▶ _What the task requires_
From the data below, retype exactly the lines starting with the one that contains "Casco Jet Origine Primo Rocker" and ending with the one that contains "2022 Mazda CX-30 2.5 S Preferred Package", both included.

▶ _Records to process_

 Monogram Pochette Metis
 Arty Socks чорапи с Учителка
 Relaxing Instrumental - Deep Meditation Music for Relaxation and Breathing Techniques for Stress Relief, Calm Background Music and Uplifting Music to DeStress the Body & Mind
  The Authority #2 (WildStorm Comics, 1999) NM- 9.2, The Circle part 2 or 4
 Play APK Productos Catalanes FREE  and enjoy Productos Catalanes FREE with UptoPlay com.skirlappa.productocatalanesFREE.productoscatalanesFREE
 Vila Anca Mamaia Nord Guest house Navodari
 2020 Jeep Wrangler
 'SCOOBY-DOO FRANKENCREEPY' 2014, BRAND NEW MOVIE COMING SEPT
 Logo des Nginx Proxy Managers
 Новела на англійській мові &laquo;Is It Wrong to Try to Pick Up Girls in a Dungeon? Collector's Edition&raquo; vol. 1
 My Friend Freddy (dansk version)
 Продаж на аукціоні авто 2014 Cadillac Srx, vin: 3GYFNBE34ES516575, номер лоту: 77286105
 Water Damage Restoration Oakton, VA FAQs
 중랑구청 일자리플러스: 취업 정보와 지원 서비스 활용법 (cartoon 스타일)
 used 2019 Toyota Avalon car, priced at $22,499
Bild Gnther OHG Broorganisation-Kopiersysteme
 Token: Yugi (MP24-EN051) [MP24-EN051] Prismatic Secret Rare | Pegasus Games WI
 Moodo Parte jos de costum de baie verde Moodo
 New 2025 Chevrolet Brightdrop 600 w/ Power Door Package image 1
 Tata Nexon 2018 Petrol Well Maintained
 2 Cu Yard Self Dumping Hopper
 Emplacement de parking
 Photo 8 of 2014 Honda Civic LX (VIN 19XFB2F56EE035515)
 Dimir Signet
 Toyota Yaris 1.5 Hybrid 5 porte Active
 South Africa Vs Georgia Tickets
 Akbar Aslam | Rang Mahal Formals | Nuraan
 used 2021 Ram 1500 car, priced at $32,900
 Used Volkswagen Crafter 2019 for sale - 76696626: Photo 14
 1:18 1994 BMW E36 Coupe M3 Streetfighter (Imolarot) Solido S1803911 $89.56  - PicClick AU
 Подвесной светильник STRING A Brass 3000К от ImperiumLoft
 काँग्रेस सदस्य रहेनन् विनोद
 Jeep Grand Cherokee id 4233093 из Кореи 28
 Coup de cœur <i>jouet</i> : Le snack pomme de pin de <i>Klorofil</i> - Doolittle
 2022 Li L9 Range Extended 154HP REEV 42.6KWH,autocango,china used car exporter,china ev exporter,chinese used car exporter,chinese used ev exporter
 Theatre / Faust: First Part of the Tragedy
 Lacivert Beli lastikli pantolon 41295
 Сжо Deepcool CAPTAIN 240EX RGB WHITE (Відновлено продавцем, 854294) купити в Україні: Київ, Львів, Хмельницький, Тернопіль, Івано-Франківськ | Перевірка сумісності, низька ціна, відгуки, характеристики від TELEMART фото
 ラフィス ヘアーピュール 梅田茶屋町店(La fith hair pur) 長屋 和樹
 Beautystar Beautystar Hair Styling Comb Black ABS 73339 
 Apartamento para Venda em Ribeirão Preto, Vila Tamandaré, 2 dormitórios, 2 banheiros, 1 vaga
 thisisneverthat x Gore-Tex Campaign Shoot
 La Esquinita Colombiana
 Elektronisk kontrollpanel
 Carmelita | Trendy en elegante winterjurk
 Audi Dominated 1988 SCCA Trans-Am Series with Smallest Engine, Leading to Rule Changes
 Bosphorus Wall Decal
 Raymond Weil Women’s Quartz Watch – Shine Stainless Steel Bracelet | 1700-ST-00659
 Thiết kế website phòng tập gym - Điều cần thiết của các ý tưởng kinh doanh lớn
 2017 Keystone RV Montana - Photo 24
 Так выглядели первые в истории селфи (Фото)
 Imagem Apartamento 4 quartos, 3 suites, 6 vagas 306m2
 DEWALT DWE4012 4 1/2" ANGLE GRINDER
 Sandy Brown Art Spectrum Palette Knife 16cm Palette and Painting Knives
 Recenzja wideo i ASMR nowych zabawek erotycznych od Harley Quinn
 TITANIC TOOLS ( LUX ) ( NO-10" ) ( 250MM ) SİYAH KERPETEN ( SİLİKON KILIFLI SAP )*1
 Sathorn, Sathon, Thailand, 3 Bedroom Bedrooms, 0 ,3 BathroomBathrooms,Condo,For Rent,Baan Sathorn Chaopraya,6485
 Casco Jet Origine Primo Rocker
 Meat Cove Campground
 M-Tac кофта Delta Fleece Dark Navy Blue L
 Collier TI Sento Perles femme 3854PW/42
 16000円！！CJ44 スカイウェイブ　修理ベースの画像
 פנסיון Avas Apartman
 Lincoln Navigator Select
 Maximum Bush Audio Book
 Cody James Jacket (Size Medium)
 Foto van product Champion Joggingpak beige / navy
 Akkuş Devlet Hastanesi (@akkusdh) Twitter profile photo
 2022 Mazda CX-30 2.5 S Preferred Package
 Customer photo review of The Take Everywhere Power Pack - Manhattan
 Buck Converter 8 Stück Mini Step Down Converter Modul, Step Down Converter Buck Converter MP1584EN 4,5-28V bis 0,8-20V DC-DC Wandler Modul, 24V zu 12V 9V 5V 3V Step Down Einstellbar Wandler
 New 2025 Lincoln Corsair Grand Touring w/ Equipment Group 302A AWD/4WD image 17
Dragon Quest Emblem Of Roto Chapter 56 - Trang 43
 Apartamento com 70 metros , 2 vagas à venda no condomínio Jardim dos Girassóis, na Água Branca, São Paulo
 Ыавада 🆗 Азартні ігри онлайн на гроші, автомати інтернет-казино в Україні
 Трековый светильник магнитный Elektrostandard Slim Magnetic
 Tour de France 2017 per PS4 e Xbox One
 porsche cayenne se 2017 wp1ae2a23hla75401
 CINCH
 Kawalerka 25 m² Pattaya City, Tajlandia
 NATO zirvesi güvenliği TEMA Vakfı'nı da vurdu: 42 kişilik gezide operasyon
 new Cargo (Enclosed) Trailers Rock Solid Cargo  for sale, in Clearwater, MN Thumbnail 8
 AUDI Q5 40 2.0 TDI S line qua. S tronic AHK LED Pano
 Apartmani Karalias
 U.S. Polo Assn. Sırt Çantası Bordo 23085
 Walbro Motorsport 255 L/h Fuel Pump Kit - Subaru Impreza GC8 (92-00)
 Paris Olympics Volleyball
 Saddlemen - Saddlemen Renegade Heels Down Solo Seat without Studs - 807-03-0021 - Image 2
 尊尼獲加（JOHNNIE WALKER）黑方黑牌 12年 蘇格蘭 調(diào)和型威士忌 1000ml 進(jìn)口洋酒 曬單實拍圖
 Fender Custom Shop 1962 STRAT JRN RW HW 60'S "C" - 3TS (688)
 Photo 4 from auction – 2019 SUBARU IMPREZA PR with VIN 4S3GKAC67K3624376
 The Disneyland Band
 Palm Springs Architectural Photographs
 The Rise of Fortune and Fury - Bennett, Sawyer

▶ _Result of this exercise_
 Casco Jet Origine Primo Rocker
 Meat Cove Campground
 M-Tac кофта Delta Fleece Dark Navy Blue L
 Collier TI Sento Perles femme 3854PW/42
 16000円！！CJ44 スカイウェイブ　修理ベースの画像
 פנסיון Avas Apartman
 Lincoln Navigator Select
 Maximum Bush Audio Book
 Cody James Jacket (Size Medium)
 Foto van product Champion Joggingpak beige / navy
 Akkuş Devlet Hastanesi (@akkusdh) Twitter profile photo
 2022 Mazda CX-30 2.5 S Preferred Package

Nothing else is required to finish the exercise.